(Records from a dataset)
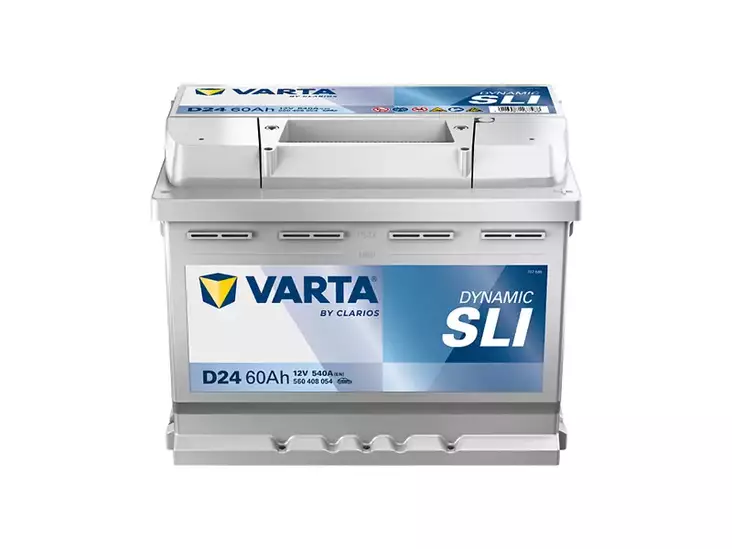 VARTA DYNAMIC SLI 60AH 540A 242X175X190MM -/+ - Yleisosat ja tarvikkeet - 44949 - 1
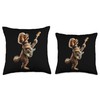 Poodle Guitar Throw Pillow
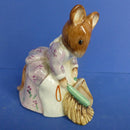 Beswick Beatrix Potter Figurine - Hunca Munca Sweeping BP3B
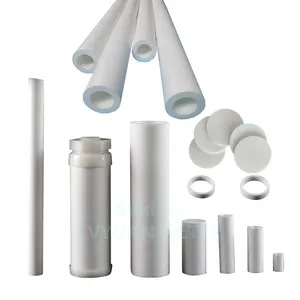 Anti-corossion PVDF PE PTFE Sintered Porous Sparger pipe Compressed air filter pipe for gas water liquid filters element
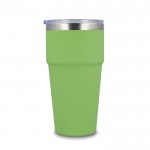 Vaso térmico con interior de cerámica y tapa transparente 500ml color verde lima quinta vista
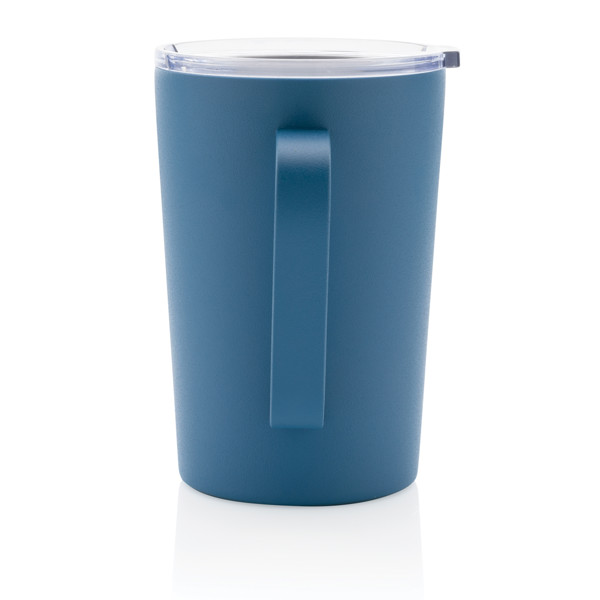 RCS Recycled stainless steel modern vacuum mug with lid - Blue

# Problem to solve
Beginning at the line that contains "Vaso térmico con", retype each line of the data above through the very last one. Do not retype the pictures.

# Solution to this problem
 Vaso térmico con interior de cerámica y tapa transparente 500ml color verde lima quinta vista
 RCS Recycled stainless steel modern vacuum mug with lid - Blue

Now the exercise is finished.